I saw the young couple that comes each week - and felt the weight of their relationship. What do their families expect of them at this time of year? Whose family do we visit? Whose family do we see first?
I saw the young black woman - and felt her self-consciousness in a world where white and blonde and thin are the standards of beauty.
I saw the young black man in his suit and starched white shirt - and thought of all the black men who, no matter how they are dressed or what they do for a living, are seen as threatening, dangerous, and therefore, suspected of some unsolved crime.
I saw them all, pastors, business people, unemployed, full-time moms, full-time dads, people teetering on the edge of joblessness and homelessness - and I felt the deep agony of the human condition.
The fear and doubts.
The disappointments and despair.
The loneliness and angst.
The overwhelming busyness of this time of year.
I heard the questions that plague us all:
Who am I? Why am I here?
Who sees me? Who knows me?
Who loves me? Who hates me?
Why am I so afraid and lonely?
Who cares that I am alive?
Who would notice if I disappeared from my job and neighborhood?
Fortunately, the feeling passed quickly. I don't know how long I could have sat there without bursting into tears. Without crying aloud for the mercy of God to be felt by every person there. Outwardly, I dropped my head and took a deep breath. Inwardly, I pleaded for mercy for all of us. And I gave thanks that the One who bears our burdens, the One who cares for us, He is the One who invites us to partake and who gave His life that we might live, who emptied Himself that we might be filled. What wondrous love is this...
I thanked God that I don't have to carry the weight of the world on my shoulders.
I thanked God that He was there with me and with all of us at that moment. At this moment.

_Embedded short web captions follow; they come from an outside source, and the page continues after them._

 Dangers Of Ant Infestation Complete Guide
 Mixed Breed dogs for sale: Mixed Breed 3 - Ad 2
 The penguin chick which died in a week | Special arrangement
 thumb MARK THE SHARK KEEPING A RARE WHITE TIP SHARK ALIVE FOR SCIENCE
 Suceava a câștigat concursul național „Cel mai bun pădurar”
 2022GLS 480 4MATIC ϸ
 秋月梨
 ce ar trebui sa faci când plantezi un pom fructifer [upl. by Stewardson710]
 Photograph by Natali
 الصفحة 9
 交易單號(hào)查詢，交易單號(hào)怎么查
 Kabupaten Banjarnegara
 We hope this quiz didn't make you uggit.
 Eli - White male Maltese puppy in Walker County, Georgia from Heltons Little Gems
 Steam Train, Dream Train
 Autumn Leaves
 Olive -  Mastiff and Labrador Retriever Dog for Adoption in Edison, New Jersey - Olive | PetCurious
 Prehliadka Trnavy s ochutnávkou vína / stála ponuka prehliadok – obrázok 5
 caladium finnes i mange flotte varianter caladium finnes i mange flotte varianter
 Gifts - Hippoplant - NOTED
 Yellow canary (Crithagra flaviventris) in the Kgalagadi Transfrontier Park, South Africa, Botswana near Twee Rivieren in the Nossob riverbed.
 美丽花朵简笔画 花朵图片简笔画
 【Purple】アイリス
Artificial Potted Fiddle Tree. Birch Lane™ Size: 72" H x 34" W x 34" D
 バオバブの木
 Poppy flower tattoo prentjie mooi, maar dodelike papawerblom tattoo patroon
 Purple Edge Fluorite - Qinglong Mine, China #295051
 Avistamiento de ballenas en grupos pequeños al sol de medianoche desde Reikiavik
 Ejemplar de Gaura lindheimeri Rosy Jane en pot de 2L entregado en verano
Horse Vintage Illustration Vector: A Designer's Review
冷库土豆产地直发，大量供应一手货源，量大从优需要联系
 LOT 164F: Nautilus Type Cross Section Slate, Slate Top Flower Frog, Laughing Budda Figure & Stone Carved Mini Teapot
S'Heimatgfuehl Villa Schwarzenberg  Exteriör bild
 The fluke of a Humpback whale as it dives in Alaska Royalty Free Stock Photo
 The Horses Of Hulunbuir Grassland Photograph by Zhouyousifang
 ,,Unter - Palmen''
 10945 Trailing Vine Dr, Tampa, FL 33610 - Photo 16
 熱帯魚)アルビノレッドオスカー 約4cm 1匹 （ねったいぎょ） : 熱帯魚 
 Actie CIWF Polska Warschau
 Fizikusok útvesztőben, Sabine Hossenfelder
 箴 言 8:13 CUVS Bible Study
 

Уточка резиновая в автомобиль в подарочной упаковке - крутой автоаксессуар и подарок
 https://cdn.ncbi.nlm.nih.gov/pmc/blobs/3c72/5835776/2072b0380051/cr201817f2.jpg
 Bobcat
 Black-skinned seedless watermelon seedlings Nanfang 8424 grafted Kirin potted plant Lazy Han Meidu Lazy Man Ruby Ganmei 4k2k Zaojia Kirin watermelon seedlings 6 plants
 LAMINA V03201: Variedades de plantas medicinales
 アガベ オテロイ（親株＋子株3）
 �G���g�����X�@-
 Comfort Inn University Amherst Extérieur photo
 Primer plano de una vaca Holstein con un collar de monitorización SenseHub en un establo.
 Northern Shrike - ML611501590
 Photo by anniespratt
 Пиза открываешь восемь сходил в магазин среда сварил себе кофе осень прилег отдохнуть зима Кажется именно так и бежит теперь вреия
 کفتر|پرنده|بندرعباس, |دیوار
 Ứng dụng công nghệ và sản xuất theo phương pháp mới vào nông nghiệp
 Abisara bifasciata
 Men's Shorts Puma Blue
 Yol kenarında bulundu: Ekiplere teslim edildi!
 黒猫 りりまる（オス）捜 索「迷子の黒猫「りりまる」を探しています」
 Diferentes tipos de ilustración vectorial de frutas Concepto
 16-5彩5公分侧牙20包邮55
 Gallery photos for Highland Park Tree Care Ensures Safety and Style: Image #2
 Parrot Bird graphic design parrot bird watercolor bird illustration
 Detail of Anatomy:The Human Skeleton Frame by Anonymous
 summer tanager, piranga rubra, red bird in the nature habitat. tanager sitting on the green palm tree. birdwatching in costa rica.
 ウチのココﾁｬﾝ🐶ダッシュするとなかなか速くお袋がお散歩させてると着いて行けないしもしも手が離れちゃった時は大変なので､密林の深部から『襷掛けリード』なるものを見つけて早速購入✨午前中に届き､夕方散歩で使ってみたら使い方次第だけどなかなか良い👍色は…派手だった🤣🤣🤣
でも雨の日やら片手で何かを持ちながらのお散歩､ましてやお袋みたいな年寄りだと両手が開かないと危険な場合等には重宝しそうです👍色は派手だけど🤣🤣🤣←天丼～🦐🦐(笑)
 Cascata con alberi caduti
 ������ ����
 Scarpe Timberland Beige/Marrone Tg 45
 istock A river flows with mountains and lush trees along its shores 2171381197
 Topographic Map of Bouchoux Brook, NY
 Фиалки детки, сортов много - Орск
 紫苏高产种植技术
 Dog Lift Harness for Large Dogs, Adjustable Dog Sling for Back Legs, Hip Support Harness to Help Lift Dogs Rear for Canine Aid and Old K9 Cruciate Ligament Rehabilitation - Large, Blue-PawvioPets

And for all time.
And most of all, I thanked God that to all of us,
the weary and worn,
the tired and tempted,
the lonely and unloved,
the bereaved and beleaguered,
the unemployed and the unnoticed,
the insured and the ignored,
the frustrated and fat,
the rich and poor,
the healthy and the ill,
the glad and the sorrowful,
to each of us, the message, the invitation is the same:"Come to the table."
There we were. Here we are. Standing in line.
Waiting for The Bread of Life.
The fruit of the vine - the life-giving blood of our Lord.
Hoping it doesn't run out.
Knowing somehow, in the deepest place, that it never will.
Thanks be to God.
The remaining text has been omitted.